• WHAT THE TASK REQUIRES: Within the data that follows, set down exactly the lines from the one containing "Téléchargez les photos" through the one containing "a person with", both ends included.

• DATA PROVIDED:
⁂

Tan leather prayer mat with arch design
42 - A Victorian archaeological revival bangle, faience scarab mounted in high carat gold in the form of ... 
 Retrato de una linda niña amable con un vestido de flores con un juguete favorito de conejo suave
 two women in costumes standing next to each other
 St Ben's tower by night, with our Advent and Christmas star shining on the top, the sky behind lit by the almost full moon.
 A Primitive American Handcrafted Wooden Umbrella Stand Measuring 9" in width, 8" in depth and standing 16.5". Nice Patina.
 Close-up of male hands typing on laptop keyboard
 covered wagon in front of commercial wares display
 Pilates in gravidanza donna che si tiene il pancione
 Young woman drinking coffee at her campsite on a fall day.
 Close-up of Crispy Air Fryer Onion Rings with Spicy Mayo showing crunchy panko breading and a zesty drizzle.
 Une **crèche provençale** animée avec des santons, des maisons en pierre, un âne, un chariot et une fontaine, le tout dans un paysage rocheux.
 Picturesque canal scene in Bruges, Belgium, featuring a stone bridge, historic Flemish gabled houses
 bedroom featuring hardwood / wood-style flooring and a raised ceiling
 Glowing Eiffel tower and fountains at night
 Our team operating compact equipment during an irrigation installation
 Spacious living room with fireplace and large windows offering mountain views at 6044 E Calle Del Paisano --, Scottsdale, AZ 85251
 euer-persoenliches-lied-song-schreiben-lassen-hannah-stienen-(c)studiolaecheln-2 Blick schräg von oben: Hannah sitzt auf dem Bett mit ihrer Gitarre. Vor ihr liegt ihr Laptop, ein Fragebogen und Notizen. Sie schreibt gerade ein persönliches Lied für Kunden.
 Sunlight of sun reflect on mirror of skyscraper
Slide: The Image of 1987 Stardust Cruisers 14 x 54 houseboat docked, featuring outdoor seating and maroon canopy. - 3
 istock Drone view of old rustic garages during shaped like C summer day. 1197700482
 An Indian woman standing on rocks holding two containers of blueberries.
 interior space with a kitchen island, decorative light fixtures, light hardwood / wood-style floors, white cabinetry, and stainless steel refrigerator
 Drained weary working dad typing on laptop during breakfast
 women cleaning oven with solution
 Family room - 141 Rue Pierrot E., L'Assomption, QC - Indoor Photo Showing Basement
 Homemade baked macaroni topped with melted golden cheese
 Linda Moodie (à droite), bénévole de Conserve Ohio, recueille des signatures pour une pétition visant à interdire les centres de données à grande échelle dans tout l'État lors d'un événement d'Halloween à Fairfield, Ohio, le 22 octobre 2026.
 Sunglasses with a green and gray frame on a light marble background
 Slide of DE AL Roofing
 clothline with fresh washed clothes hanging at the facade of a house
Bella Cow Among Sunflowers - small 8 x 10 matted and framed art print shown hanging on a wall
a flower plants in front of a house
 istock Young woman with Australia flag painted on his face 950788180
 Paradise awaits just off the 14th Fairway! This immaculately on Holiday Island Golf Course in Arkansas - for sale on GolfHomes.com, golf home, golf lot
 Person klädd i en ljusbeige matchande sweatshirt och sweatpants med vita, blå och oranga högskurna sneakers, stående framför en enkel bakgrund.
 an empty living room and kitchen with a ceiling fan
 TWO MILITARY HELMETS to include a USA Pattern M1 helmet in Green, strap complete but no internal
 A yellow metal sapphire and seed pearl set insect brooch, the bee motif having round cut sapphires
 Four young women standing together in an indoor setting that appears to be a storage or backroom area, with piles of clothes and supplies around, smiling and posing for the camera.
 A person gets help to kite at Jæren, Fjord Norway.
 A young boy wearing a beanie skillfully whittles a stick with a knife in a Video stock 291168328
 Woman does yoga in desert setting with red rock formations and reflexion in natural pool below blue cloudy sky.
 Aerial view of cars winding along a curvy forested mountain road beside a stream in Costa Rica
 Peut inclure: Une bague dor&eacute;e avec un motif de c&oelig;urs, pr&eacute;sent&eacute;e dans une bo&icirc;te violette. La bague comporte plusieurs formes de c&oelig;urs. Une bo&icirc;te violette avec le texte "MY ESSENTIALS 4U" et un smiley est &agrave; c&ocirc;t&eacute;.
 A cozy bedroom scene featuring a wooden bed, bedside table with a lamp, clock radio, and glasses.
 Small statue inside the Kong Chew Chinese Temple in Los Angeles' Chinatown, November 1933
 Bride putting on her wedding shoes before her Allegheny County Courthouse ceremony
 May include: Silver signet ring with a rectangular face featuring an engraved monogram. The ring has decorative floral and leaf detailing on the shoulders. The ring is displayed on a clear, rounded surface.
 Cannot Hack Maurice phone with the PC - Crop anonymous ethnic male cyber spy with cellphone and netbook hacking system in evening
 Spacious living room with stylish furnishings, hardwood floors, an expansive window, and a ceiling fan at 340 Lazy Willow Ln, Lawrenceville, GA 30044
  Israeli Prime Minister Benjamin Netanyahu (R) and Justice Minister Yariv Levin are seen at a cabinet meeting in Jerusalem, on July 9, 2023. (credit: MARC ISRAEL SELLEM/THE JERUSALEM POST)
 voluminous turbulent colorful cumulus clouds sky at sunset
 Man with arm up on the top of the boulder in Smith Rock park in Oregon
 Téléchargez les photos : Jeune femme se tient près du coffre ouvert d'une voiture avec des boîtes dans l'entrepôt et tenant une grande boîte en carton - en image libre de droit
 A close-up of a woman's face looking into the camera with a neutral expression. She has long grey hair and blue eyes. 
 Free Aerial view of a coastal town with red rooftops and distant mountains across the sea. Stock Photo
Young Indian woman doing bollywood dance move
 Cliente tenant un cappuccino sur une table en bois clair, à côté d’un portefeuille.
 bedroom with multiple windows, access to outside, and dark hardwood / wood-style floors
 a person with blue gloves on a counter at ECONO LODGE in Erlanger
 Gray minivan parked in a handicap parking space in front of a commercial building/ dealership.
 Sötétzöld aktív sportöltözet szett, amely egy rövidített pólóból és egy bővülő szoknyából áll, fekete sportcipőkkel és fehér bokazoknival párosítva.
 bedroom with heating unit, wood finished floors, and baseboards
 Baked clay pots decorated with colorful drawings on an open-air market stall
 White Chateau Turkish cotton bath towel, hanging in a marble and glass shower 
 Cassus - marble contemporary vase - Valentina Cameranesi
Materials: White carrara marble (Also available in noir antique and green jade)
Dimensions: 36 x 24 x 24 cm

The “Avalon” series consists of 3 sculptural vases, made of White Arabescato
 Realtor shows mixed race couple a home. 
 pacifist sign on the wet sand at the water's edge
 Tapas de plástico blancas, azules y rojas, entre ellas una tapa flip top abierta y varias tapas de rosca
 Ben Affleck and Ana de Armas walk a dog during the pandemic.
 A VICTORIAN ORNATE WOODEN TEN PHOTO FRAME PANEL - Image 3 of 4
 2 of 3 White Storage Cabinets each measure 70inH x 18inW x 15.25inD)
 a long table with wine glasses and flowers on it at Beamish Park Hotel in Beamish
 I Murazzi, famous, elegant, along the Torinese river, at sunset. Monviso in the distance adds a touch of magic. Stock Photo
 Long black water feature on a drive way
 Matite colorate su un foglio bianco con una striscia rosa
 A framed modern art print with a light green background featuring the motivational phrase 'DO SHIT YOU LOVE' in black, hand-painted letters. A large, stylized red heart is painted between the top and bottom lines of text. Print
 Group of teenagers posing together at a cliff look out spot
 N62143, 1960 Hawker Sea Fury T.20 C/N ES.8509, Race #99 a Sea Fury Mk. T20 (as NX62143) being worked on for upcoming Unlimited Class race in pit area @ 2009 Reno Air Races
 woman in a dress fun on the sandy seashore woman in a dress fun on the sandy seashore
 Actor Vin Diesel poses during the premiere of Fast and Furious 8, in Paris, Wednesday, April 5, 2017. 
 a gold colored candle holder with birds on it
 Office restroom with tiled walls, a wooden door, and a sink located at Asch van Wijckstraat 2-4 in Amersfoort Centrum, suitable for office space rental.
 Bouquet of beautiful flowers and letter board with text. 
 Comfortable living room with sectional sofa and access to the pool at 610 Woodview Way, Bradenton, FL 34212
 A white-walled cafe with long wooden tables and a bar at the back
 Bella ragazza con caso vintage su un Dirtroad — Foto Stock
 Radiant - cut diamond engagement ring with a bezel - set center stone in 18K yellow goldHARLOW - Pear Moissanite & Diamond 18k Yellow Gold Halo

⁂

• EXPECTED ANSWER:
 Téléchargez les photos : Jeune femme se tient près du coffre ouvert d'une voiture avec des boîtes dans l'entrepôt et tenant une grande boîte en carton - en image libre de droit
 A close-up of a woman's face looking into the camera with a neutral expression. She has long grey hair and blue eyes. 
 Free Aerial view of a coastal town with red rooftops and distant mountains across the sea. Stock Photo
Young Indian woman doing bollywood dance move
 Cliente tenant un cappuccino sur une table en bois clair, à côté d’un portefeuille.
 bedroom with multiple windows, access to outside, and dark hardwood / wood-style floors
 a person with blue gloves on a counter at ECONO LODGE in Erlanger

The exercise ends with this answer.